* **EXERCISE DATA**:
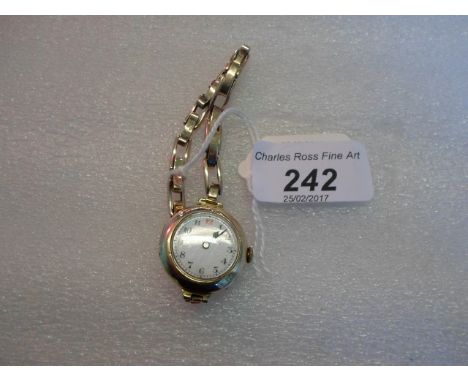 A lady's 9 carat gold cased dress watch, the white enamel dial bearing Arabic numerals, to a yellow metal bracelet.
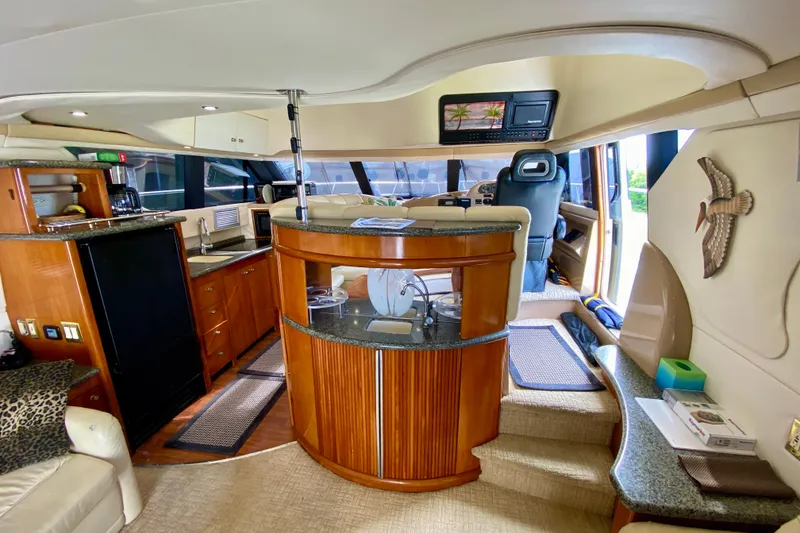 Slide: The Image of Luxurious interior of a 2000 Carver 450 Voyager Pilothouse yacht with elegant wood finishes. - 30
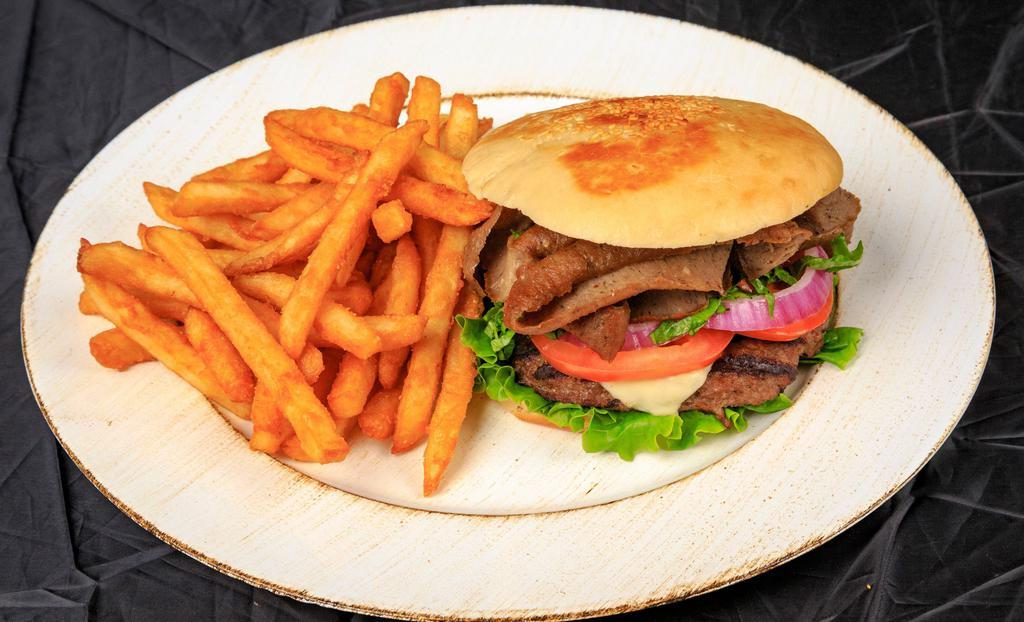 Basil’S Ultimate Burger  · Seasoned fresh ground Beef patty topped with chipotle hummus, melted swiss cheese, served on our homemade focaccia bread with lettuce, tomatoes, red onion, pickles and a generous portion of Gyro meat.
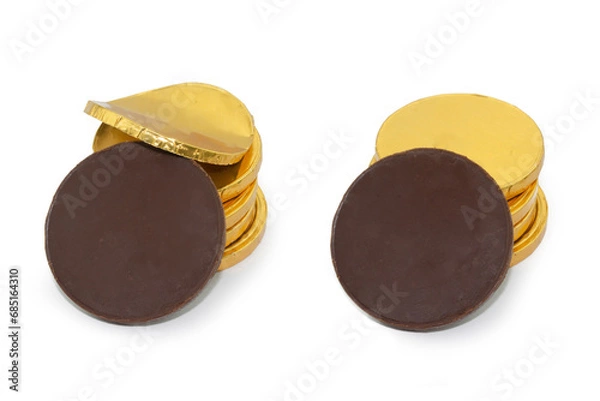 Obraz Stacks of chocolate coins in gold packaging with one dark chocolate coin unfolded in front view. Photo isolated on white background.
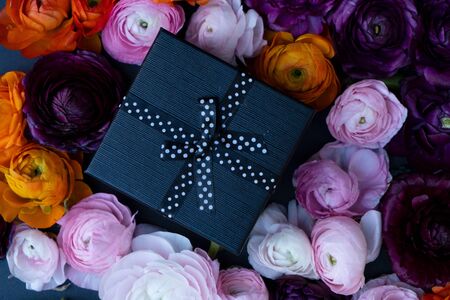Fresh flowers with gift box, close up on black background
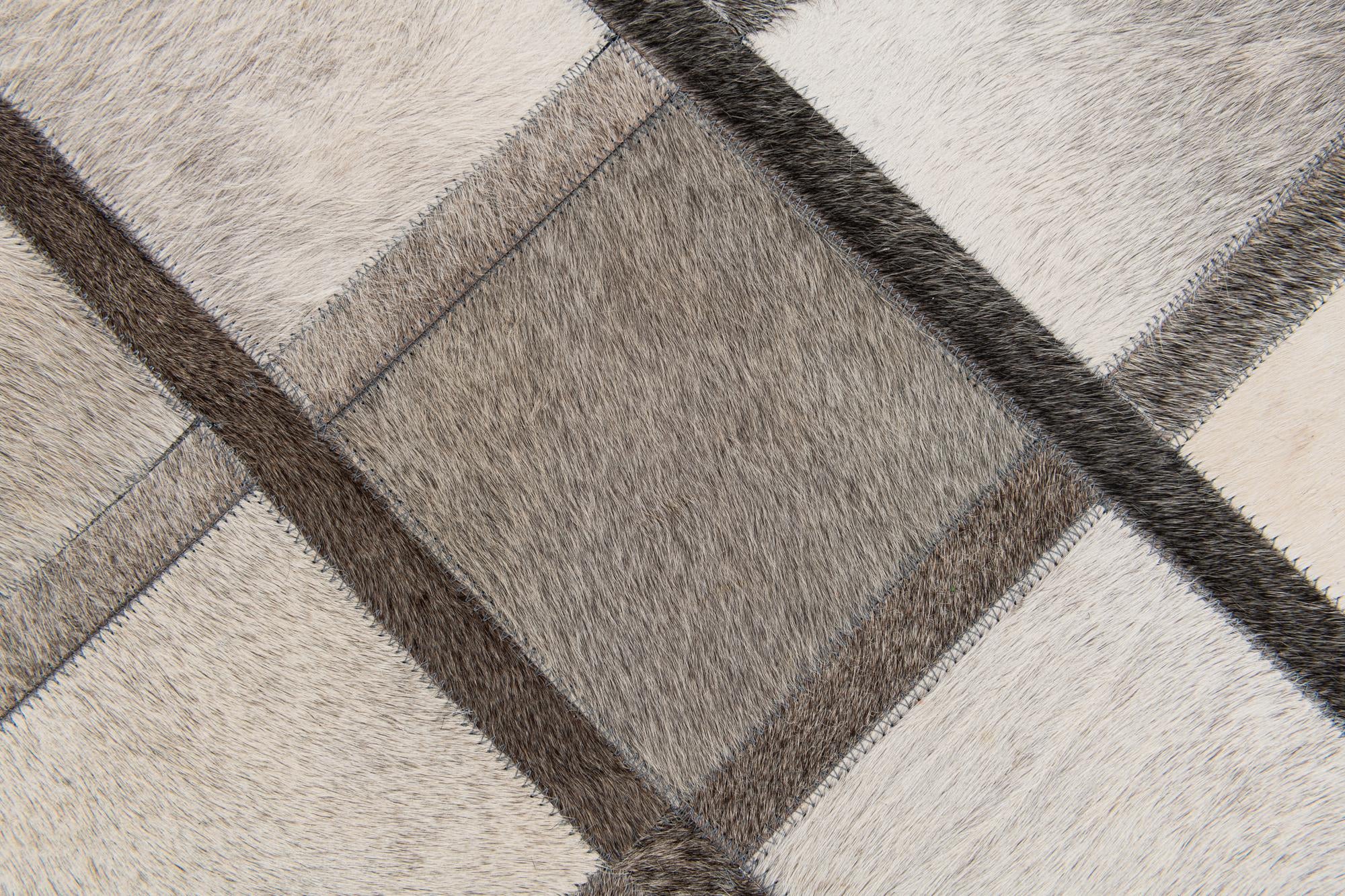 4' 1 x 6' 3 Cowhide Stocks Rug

* **INSTRUCTIONS FOR THE TASK**: Please restate the material above line by line, exactly, beginning at its first line and ending with the line that contains "Basil’S Ultimate Burger", without any pictures.

* **ANSWER SPACE**:
 A lady's 9 carat gold cased dress watch, the white enamel dial bearing Arabic numerals, to a yellow metal bracelet.
 Slide: The Image of Luxurious interior of a 2000 Carver 450 Voyager Pilothouse yacht with elegant wood finishes. - 30
 Basil’S Ultimate Burger  · Seasoned fresh ground Beef patty topped with chipotle hummus, melted swiss cheese, served on our homemade focaccia bread with lettuce, tomatoes, red onion, pickles and a generous portion of Gyro meat.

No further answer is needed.